The mechanism used to ensure consumer voice is the qualitative exit survey.  Qualitative interviews are conducted, and will continue to be conducted, with program participants using a variety of methods to collect their personal stories and input into the efficacy of the program.

Fathers who have successfully participated in groups have been and will continue to be trained as facilitators and co-facilitators.  Participants have been involved in local training opportunities that allow them to share their journeys with providers and members of the community.
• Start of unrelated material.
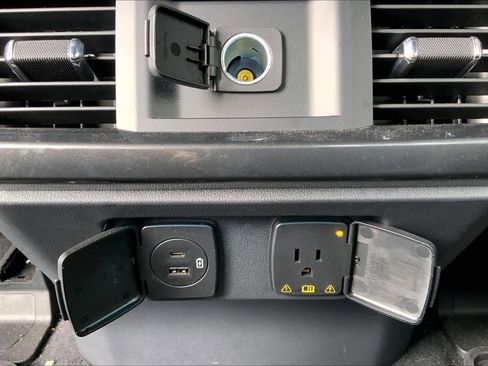 Certified 2023 Ford F150 Lariat image 33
Community Action is an ideal implementer for this project, as the concept of “maximum feasible participation” encourages program participants to be involved in forums, on advisory councils, and on the agencies’ boards of directors.

Equity Lens

The initiative does not discriminate against potential participants by race or ethnicity.  All are recruited and welcomed.  Special efforts are in place to recruit minority fathers, and CCA works closely with the Seneca Nation of Indians to create group participation among that Tribe.  Data is collected on race and ethnicity so disaggregated analysis can take place to reveal differential impacts of the program by race/ethnicity.

Resources

Contact

Connecting Communities in Action, Inc. (CCA)

25 Jefferson Street
Salamanca, NY 14779
Website: https://www.ccaction.org/
Phone: (716) 945-1041
Email: [javascript protected email address]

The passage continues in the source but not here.